Hyak fully supports R, anything that you can do with R on your desktop computer can be done on hyak but on a much larger scale. However, since hyak is a large scale shared resource there are a few steps that you have to take before running R.
Hyak is a Linux supercomputer. If you have not used the linux or UNIX or MacOS X command line before, it is a good idea to get familiar with the command line before running on hyak. Google "linux command line" for useful links. Of course, you should also have experience with R programming and R scripts on your desktop computer before you try running R on a supercomputer like hyak.

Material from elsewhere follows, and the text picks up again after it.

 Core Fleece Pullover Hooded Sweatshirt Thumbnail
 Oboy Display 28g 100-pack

Usually, you will be using sbatch to submit a slurm script to the hyak scheduler. The slurm script will contain instructions for running your R script. The hyak scheduler takes care of details like finding a suitable node to run your R script etc.
Interactive Session
However, first let us use an interactive session to get familiar with running R on hyak. Issue the command below at the hyak login node, to get a interactive hyak session.
The build node can connect to outside mox.hyak or ikt.hyak. It is useful for using git, transferring files to outside mox or getting files from outside hyak, installing packages in R or Python etc.

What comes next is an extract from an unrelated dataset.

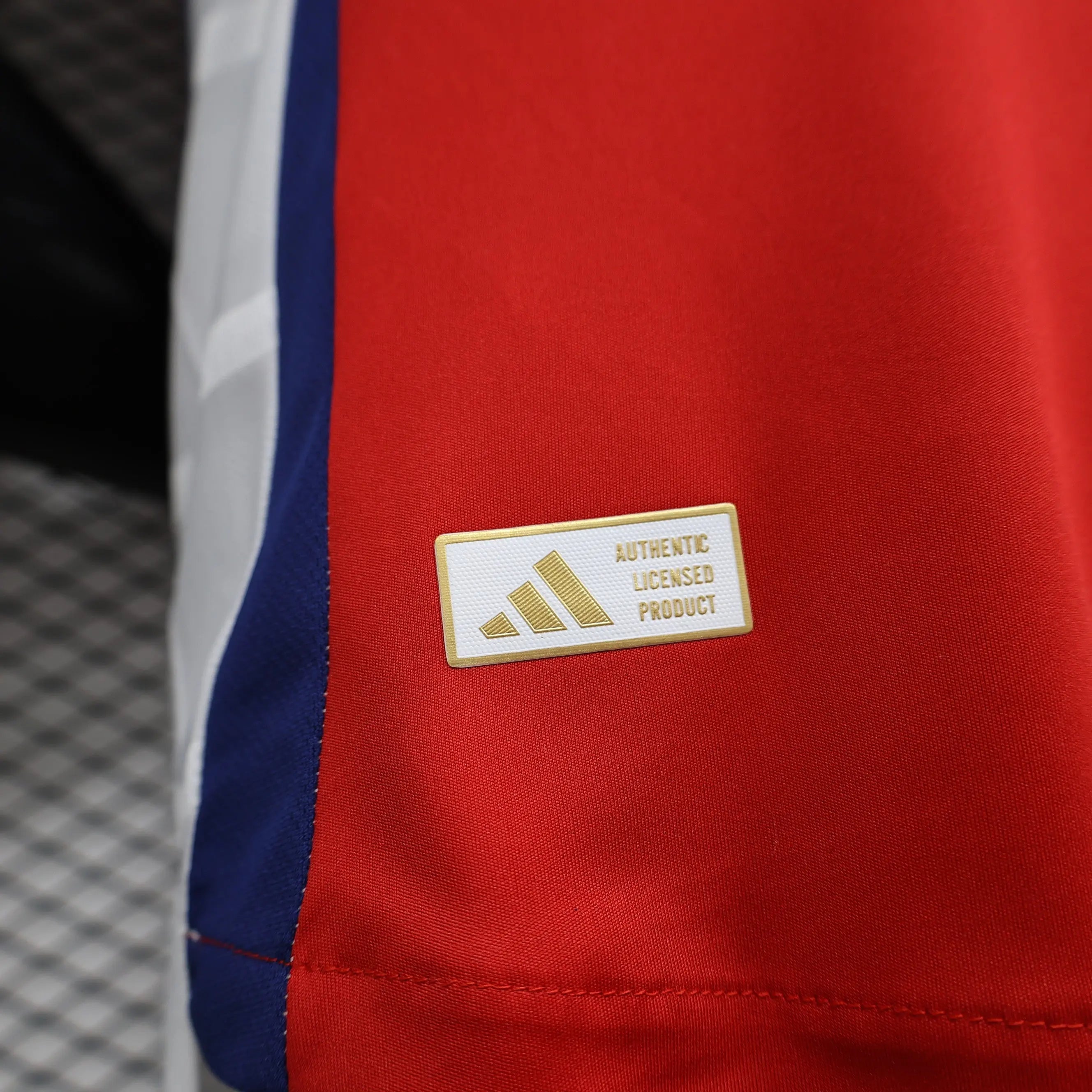 MAILLOT ARSENAL DOMICILE 2024/2025 - Maillot du Monde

To get an interactive build node for 2 hours:
srun -p build --time=2:00:00 --mem=10G --pty /bin/bash
This opens an interactive session on a hyak node.

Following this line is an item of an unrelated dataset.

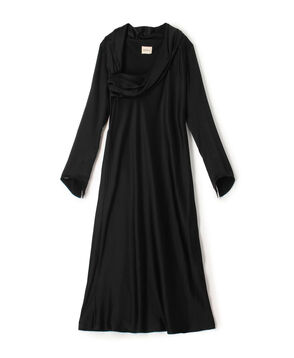 KHAITE OLIVIER DRESS アシンメトリードレス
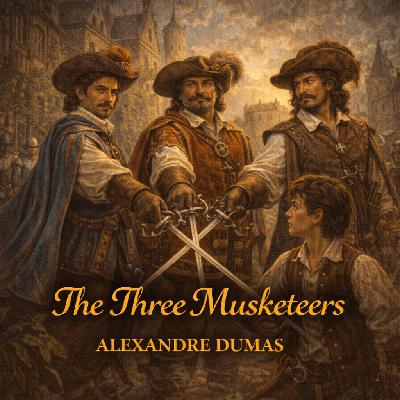 The Three Musketeers (Part 3) by Alexandre Dumas ~ Full Audiobook [adventure]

If we type R at the command line and press enter then we get an error
"R: command not found". What's wrong? Unlike your desktop computer, hyak supports hundreds of users with different requirements and different versions of the same software. Hence, unlike your desktop computer, not all software executables are put in everyone's PATH environment variable.
Those fluent with the Linux will want to put the location of R in their own PATH. However, this should be done using module command instead. It essentially performs similar tasks by modifying the PATH, LD_LIBRARY_PATH and other necessary parts of your environment.
The below command shows you the available modules:
module avail
The list is long and right now we are only interested in the latest version R (3.6.0 as of September 2019). Hence we issue the command:
module load r_3.6.0
Now the command R works.
After working for sometime, you may want to know what modules are still loaded in your environment. You can use below command to list the modules:
module list
After you have completed your work, you can remove the module from your environment by using below command.
module unload r_3.6.0
Installing CRAN packages on hyak
As hyak is a shared resource, CRAN packages cannot be installed in their default locations. Below are the steps to install CRAN packages to a location specified by you. Here UVW is the package name, XYZ is your hyak group name and abc is your hyak userid.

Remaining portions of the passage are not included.